October 2007

Violin lesson: Soups and slides

October 29, 2007 14:16

“Stop, stop! It is much too salty!”

How can music be salty? We know that soup can be ruined with too much salt. Too much of anything is not a good thing: Too much heat makes a burnt toast, too much dressing makes a revolting salad, too much cleanliness makes a weak immune system—you get the point. But how can music be salty or sweet? That was my question when my violin teacher told me that x passage was “much too salty”.

His response?
"Did you ever make soup?" Not waiting for me to answer his question, my teacher continued to explain in detail three things: What makes good soup, what makes average soup, and what makes the soup that clogs up throats.

"Violin playing," he said, "is very similar to soups. You play all the notes—that is an average soup. You can pick up any ol’ cookbook, follow the recipe, and you have soup. Perhaps the soup is a bit bland or off-tasting, but it is nevertheless recognizable as soup.

“Now to make that average bowl into a masterpiece, you have to add the perfect blend of seasonings for flavor. You add the pepper, the herbs, the salt. Maybe you add some potatoes. Finally, you have to add a little something-something that makes the soup unique, so that it isn’t like every other bowl of potato soup I taste. Understand?”

“So what makes up the soup that clogs up throats?” I asked.

“Oh,” he said chuckling, “that happens when you add too many potatoes and the soup comes out thick like pudding.”


When we finally stopped talking about cooking, we got into adressing the slides aka salt.

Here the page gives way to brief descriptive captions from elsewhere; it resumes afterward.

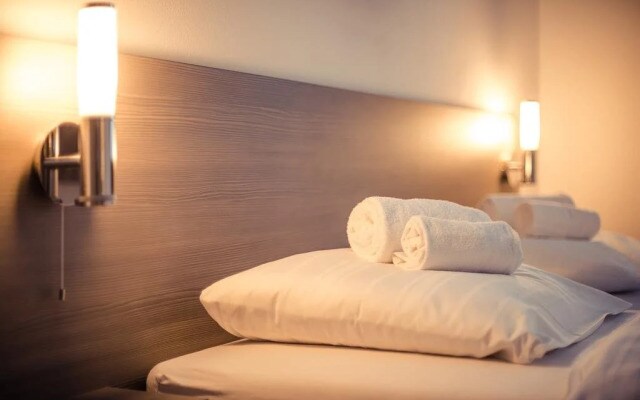 Residence Lipno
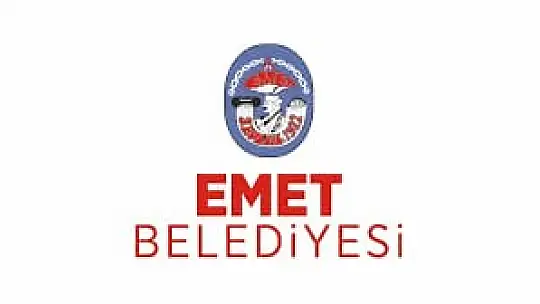 Emet Belediyesi 1 adet taşınmazı ihaleyle 3 yıllığına kiraya verecek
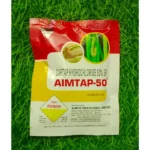 Aimco Pesticides Limited Aimtap-50 Cartap Hydrochloride Insecticide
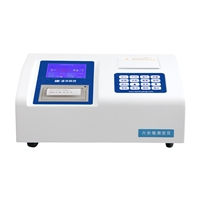 连华LH-FE3H水质分析仪  连华仪器LH-FE3H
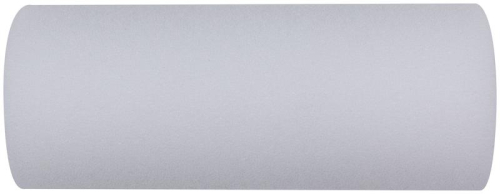 Валик 100мм + 2 шубки поролоновый КУРС 02961 фото 2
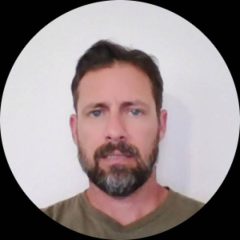 Kevin Denton
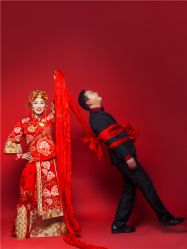 -拾尚映画·STUDIO婚纱摄影(中关村店)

I had been doing quite a large slide in this measure of Reinhold Glière's Romance. My teacher suggested that I do something smaller. He demonstrated his own way of playing it, and I realized that he was doing some sort of portamento that I couldn't quite place my finger on. How the heck was he making the sound?

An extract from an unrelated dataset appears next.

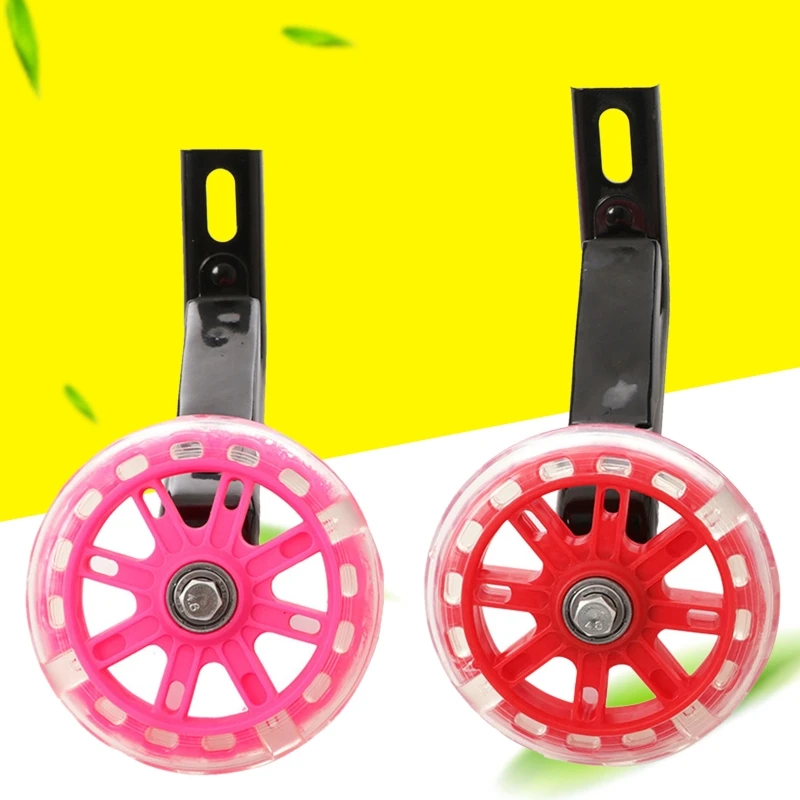 

85WA Training Stabiliser for Kids Children 12-20" Universal Bike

I asked him, and found his explaination quite interesting.

He would play the G and the F#, and then just as he was going to play the C#, he would make his F# a hair flat. Then he would play the C# a hair flat for a split second before switching to the normal C#. All this was done completely naturally and I didn't realize exactly what my teacher was doing until played the same passage super slow after explaining it to me. After that, when I knew what I was listening for, I could hear the slight change in pitch before and after the shift. It was quite freaky, for lack of a better word. I'm interested in any thoughts about the topic.